- _INSTRUCTIONS TO FOLLOW_
Pictures aside, print all of the data below exactly as written.

- _DATASET EXTRACT_
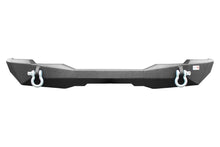 Load image into Gallery viewer, Jeep JK Rear Bumper Mako 07-18 Wrangler JK Fishbone Offroad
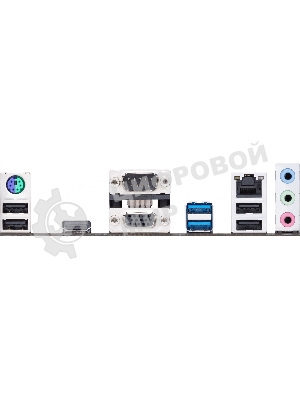 Материнская плата ASUS PRIME H610M-D D4, LGA 1700, Intel H610, 2xDDR4, 4xSATA, 1xM.2, 1xPCIe 4.0 x16, 1xPCI, 1xHDMI, 1xVGA, 1x 1Gb LAN, 2xUSB-A 2.0, 2xUSB-A 3.2 Gen 1, 3x3.5 мм, 7.1, mATX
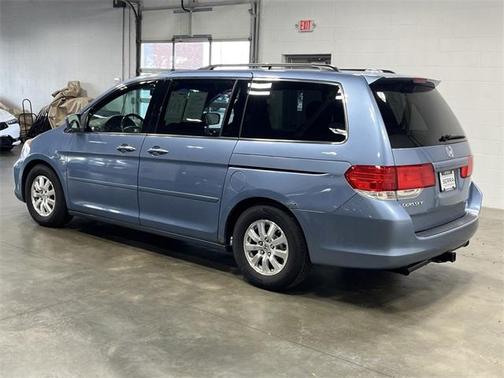 2010 Honda Odyssey EX-L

- _RESPONSE TO THIS EXERCISE_
 Load image into Gallery viewer, Jeep JK Rear Bumper Mako 07-18 Wrangler JK Fishbone Offroad
 Материнская плата ASUS PRIME H610M-D D4, LGA 1700, Intel H610, 2xDDR4, 4xSATA, 1xM.2, 1xPCIe 4.0 x16, 1xPCI, 1xHDMI, 1xVGA, 1x 1Gb LAN, 2xUSB-A 2.0, 2xUSB-A 3.2 Gen 1, 3x3.5 мм, 7.1, mATX
 2010 Honda Odyssey EX-L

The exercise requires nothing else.